## WHAT TO DO
Copy out exactly, from the entries that follow, the line holding "Mappa panoramica delle", the line holding "black bows Print Baby Romper LR2253", and all lines between them, but no pictures.

## PROVIDED ENTRIES
☆ ☆ ☆ ☆ ☆
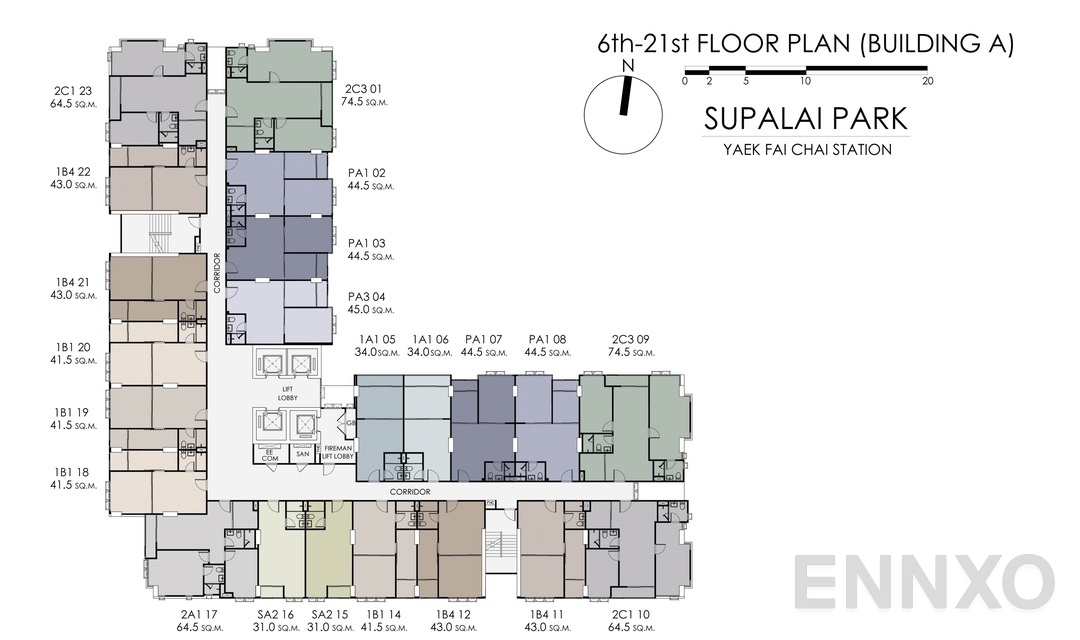 แปลนชั้น Tower-A-6-21TH ของโครงการ Supalai Park Yaek Fai Chai Station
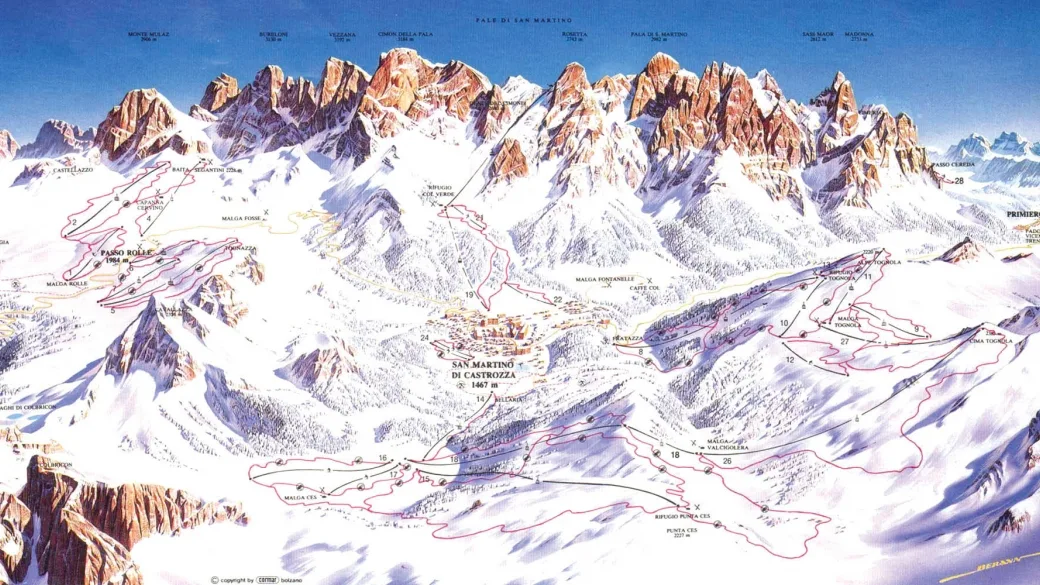 Mappa panoramica delle piste da sci di San Martino di Castrozza e Passo Rolle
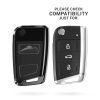 Капак за автомобилен ключ за VW / Skoda / Seat - 3 бутона, kwmobile, пластмаса, черен, 54420.02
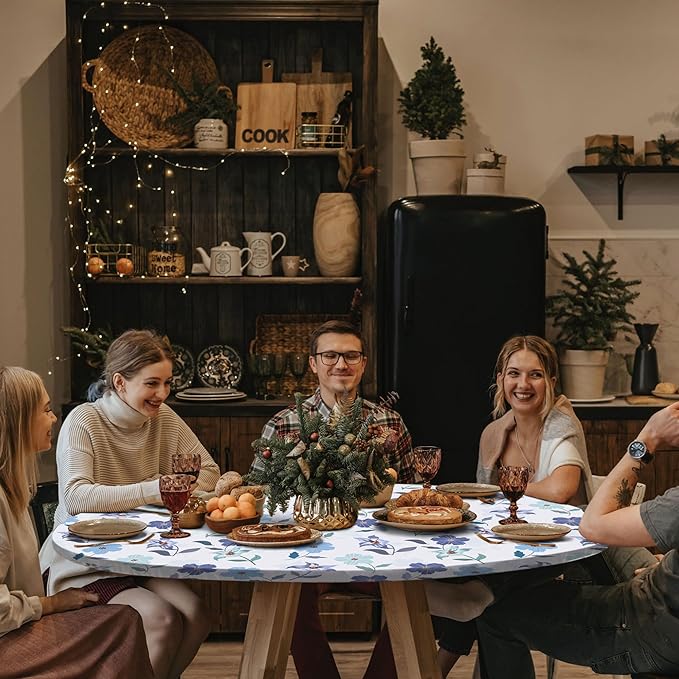 Round Tablecloth Waterproof Fitted Table Cloth Summer Fall Outdoor Circle Cover for 36-44" Tables Dining Kitchen Apartment Set Long Trips Car Travel Essentials Kids Party Decor Gifts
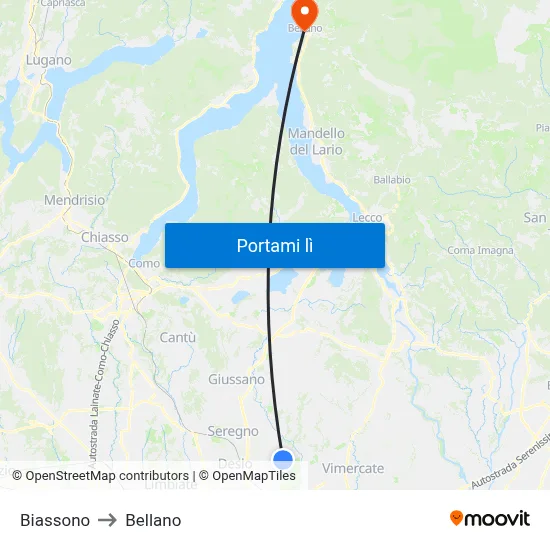 Biassono to Bellano map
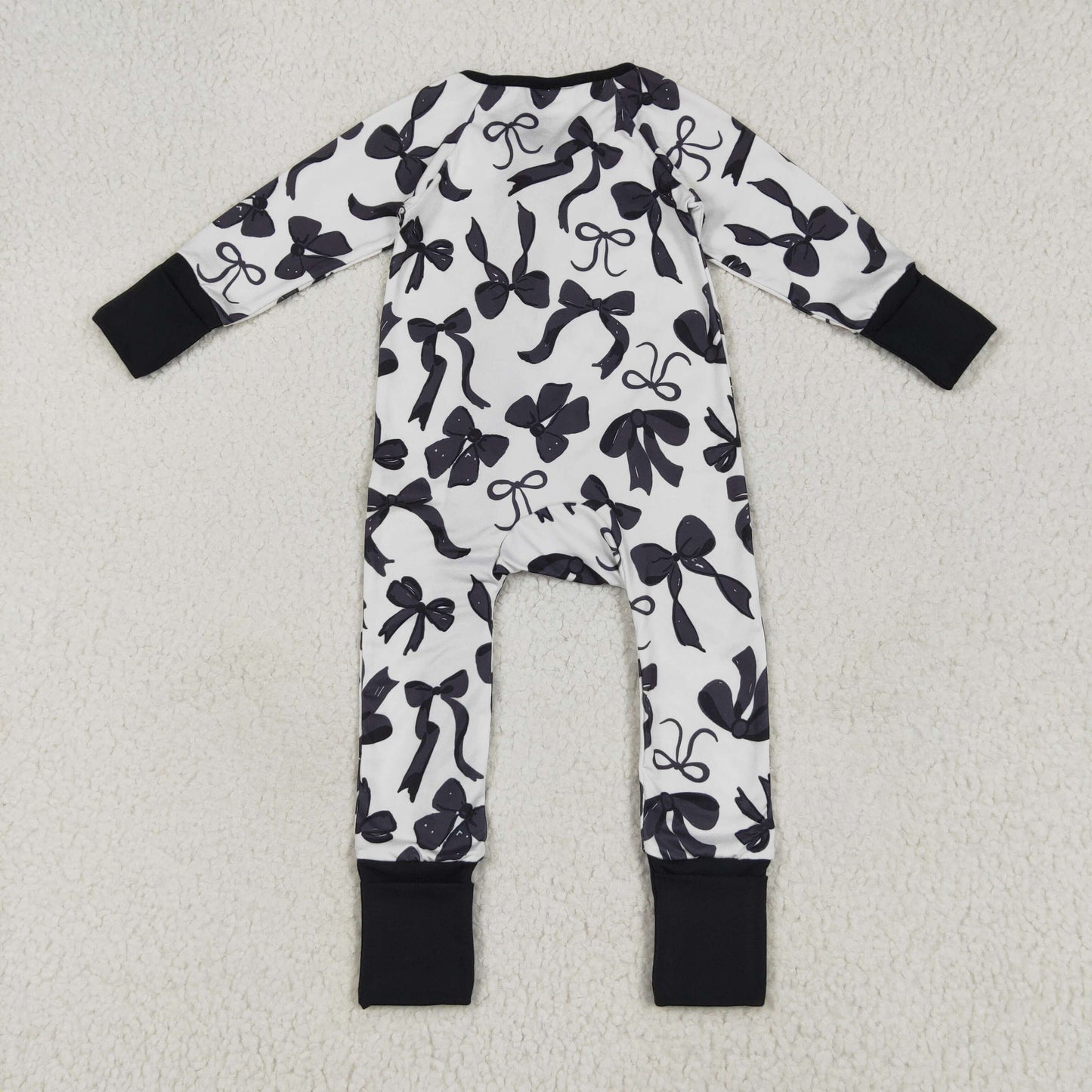 black bows Print Baby Romper LR2253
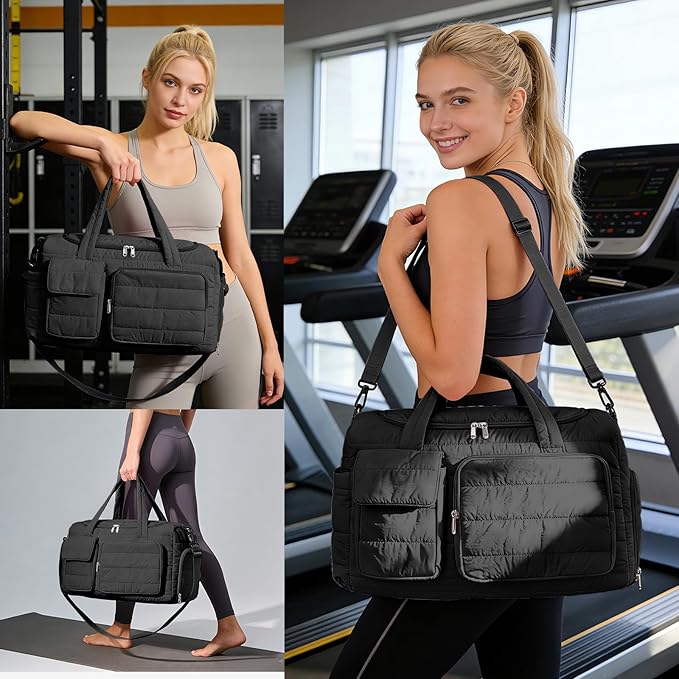 Gym Bag for Women, Cute Travel Duffel Bag with Shoe Compartment & Wet Pocket, Lightweight Puffer Weekender Overnight Bag, Travel Carry On for Sport, Hospital, Yoga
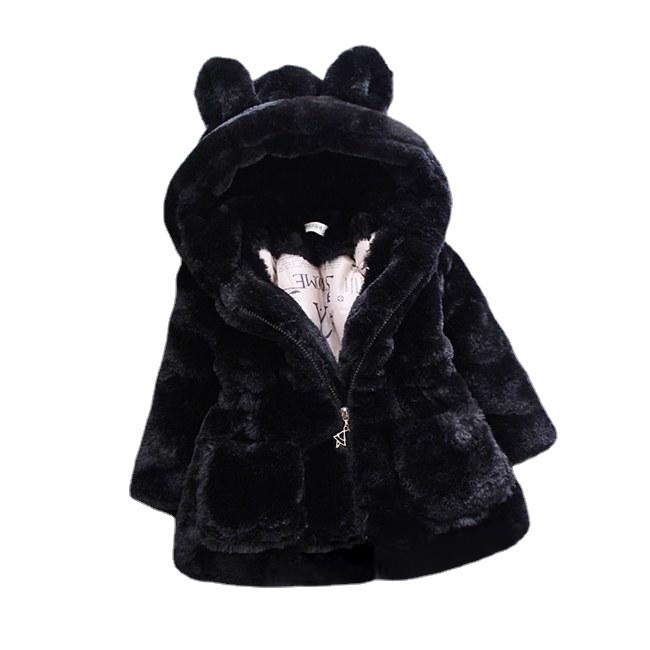 Children's Wear Girls' Coat Autumn And Winter New Girls' Wool Sweater Children's Imitation Fur Ears Thickened Cotton Jacket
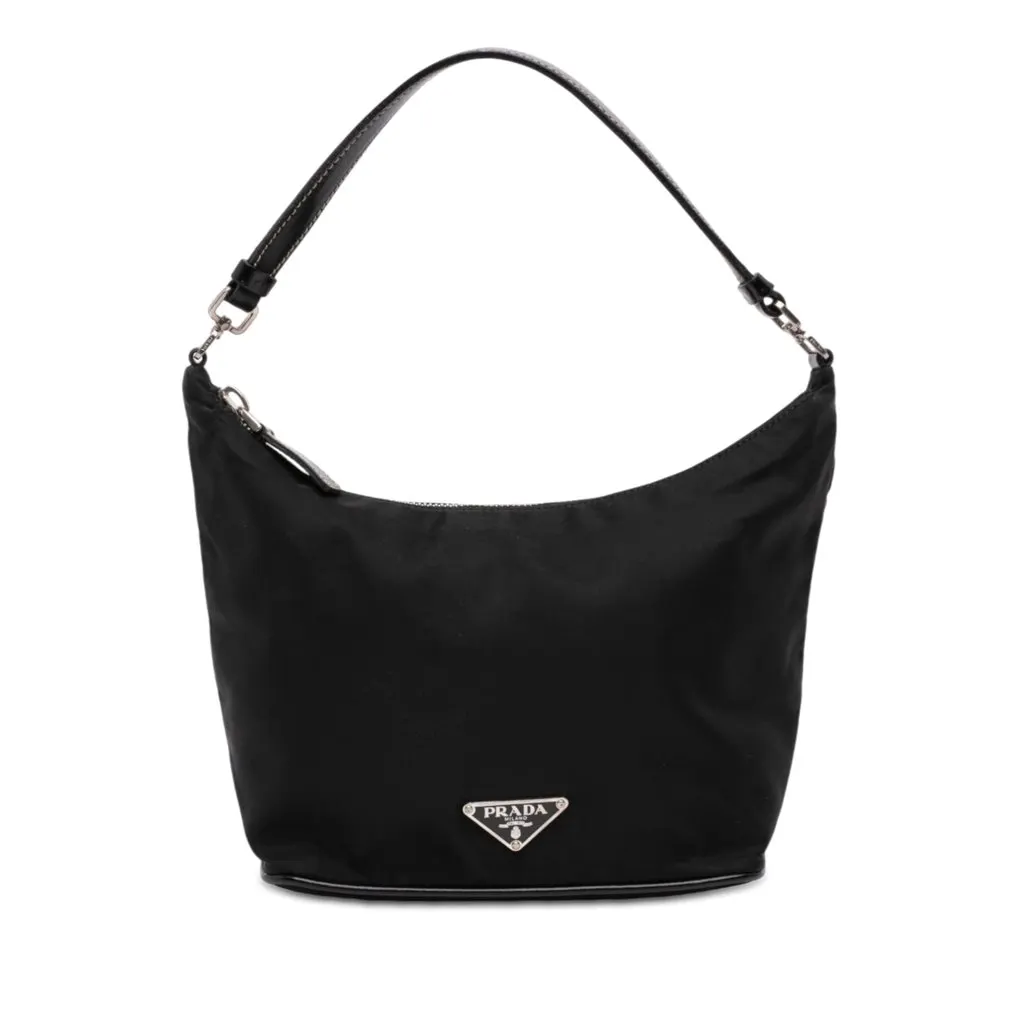 Prada Tessuto Sirio Shoulder Bag Black Very good - Front View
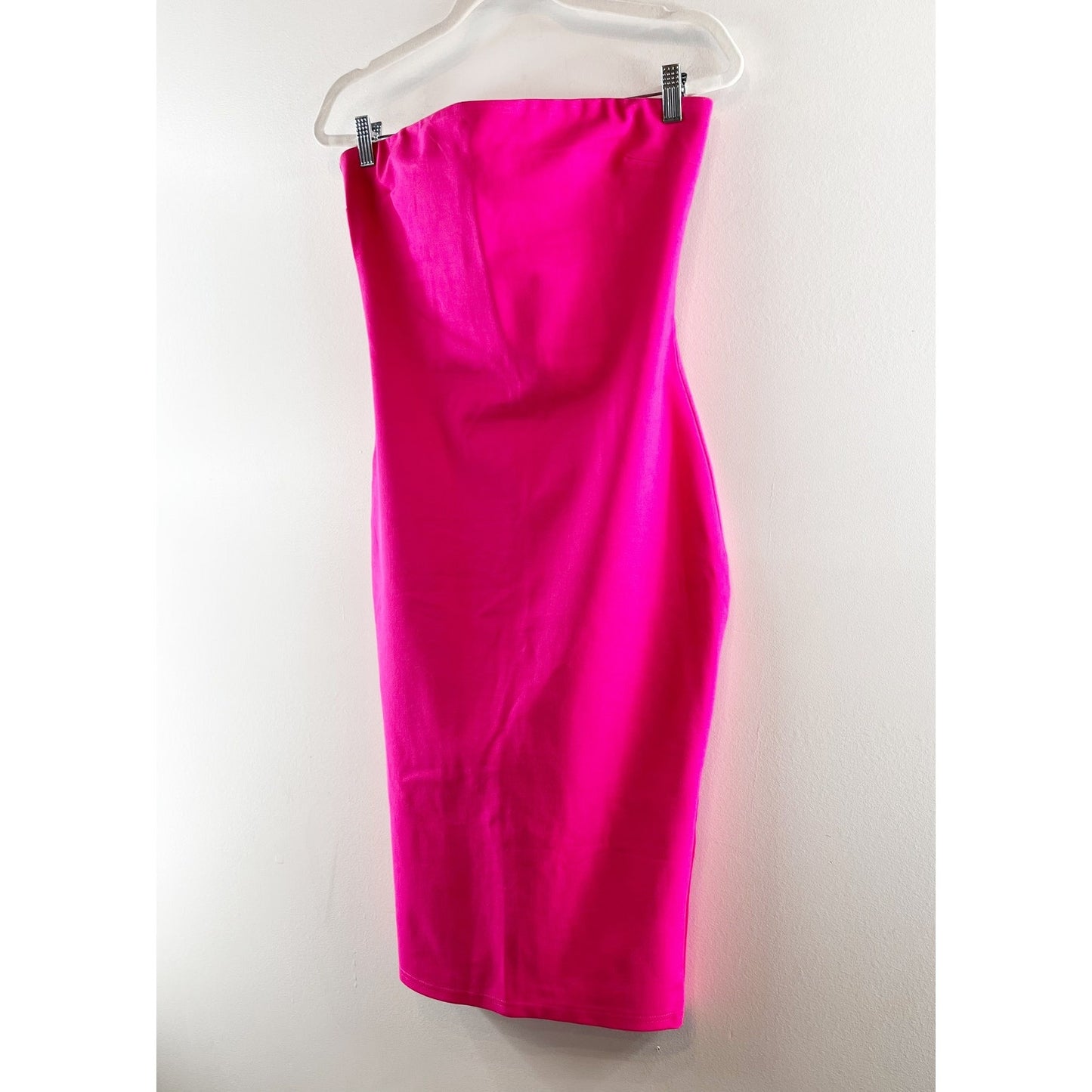 Superdown Lilian Strapless Tube Midi Dress Hot Pink Large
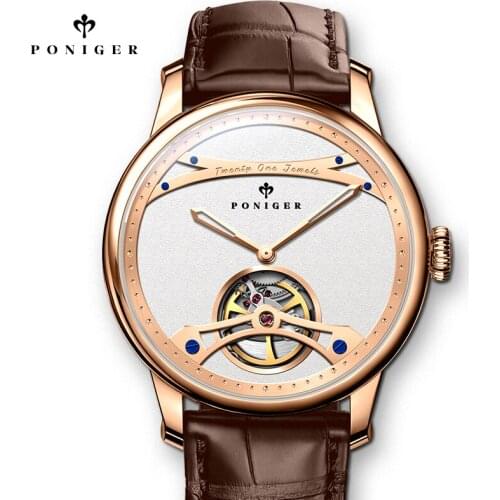 PONIGER Men Watches Minimalist Hollow Skeleton High Quality Automatic Mechanical Movement Wrist Watch Sapphire Waterproof Watch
☆ ☆ ☆ ☆ ☆
## EXERCISE ANSWER
 Mappa panoramica delle piste da sci di San Martino di Castrozza e Passo Rolle
 Капак за автомобилен ключ за VW / Skoda / Seat - 3 бутона, kwmobile, пластмаса, черен, 54420.02
 Round Tablecloth Waterproof Fitted Table Cloth Summer Fall Outdoor Circle Cover for 36-44" Tables Dining Kitchen Apartment Set Long Trips Car Travel Essentials Kids Party Decor Gifts
 Biassono to Bellano map
 black bows Print Baby Romper LR2253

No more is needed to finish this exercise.